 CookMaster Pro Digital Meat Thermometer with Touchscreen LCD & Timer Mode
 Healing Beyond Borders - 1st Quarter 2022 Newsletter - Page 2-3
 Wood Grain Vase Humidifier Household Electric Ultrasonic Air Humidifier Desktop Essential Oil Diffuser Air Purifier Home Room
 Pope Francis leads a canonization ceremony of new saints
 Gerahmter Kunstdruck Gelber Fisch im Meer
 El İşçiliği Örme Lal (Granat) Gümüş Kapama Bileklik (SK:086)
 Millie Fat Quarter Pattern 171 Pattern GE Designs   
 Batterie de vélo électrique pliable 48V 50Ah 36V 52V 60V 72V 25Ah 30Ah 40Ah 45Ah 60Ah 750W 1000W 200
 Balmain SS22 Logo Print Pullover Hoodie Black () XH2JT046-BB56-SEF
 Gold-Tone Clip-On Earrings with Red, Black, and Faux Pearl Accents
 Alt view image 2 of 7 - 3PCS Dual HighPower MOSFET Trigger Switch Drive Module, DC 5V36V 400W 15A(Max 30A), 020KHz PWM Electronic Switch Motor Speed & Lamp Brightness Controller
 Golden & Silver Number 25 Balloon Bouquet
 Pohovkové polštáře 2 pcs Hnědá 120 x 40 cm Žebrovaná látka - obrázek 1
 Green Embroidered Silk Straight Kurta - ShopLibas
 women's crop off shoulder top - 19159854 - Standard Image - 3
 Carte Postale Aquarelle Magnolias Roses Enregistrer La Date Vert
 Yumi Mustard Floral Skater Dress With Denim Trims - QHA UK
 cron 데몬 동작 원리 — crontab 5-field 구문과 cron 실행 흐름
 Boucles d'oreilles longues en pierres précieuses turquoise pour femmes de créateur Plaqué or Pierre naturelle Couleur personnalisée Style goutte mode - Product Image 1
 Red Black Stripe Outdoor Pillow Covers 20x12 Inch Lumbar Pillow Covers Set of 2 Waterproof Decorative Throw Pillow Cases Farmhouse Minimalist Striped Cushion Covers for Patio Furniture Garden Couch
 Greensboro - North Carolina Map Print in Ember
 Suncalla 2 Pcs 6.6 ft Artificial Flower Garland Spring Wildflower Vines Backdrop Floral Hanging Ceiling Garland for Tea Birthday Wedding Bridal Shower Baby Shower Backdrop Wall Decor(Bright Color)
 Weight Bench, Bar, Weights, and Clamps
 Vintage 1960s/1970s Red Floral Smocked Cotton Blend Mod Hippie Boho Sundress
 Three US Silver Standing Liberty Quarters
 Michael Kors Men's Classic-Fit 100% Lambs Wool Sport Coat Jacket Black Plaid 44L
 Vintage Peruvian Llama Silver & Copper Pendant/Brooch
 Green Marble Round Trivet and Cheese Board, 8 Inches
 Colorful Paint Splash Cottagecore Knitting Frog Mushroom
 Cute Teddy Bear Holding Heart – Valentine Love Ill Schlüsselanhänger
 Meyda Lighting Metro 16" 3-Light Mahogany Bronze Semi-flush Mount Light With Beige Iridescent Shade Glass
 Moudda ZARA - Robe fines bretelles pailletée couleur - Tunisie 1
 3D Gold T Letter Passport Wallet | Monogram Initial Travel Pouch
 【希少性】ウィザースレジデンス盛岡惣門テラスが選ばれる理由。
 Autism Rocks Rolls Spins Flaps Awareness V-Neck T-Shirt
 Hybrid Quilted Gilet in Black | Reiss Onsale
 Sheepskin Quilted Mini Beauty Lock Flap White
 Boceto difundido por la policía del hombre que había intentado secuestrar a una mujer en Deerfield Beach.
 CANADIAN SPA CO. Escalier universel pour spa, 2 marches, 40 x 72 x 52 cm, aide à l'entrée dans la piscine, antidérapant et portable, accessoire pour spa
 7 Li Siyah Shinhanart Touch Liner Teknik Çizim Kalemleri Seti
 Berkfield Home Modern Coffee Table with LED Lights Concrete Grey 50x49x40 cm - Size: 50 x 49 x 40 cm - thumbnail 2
────────────────────────────────────────
Task details →
Take the lines from the first line of the records through the line holding "Boucles d'oreilles longues", both included, and please reproduce them exactly with nothing added.

Answer to this task →
 CookMaster Pro Digital Meat Thermometer with Touchscreen LCD & Timer Mode
 Healing Beyond Borders - 1st Quarter 2022 Newsletter - Page 2-3
 Wood Grain Vase Humidifier Household Electric Ultrasonic Air Humidifier Desktop Essential Oil Diffuser Air Purifier Home Room
 Pope Francis leads a canonization ceremony of new saints
 Gerahmter Kunstdruck Gelber Fisch im Meer
 El İşçiliği Örme Lal (Granat) Gümüş Kapama Bileklik (SK:086)
 Millie Fat Quarter Pattern 171 Pattern GE Designs   
 Batterie de vélo électrique pliable 48V 50Ah 36V 52V 60V 72V 25Ah 30Ah 40Ah 45Ah 60Ah 750W 1000W 200
 Balmain SS22 Logo Print Pullover Hoodie Black () XH2JT046-BB56-SEF
 Gold-Tone Clip-On Earrings with Red, Black, and Faux Pearl Accents
 Alt view image 2 of 7 - 3PCS Dual HighPower MOSFET Trigger Switch Drive Module, DC 5V36V 400W 15A(Max 30A), 020KHz PWM Electronic Switch Motor Speed & Lamp Brightness Controller
 Golden & Silver Number 25 Balloon Bouquet
 Pohovkové polštáře 2 pcs Hnědá 120 x 40 cm Žebrovaná látka - obrázek 1
 Green Embroidered Silk Straight Kurta - ShopLibas
 women's crop off shoulder top - 19159854 - Standard Image - 3
 Carte Postale Aquarelle Magnolias Roses Enregistrer La Date Vert
 Yumi Mustard Floral Skater Dress With Denim Trims - QHA UK
 cron 데몬 동작 원리 — crontab 5-field 구문과 cron 실행 흐름
 Boucles d'oreilles longues en pierres précieuses turquoise pour femmes de créateur Plaqué or Pierre naturelle Couleur personnalisée Style goutte mode - Product Image 1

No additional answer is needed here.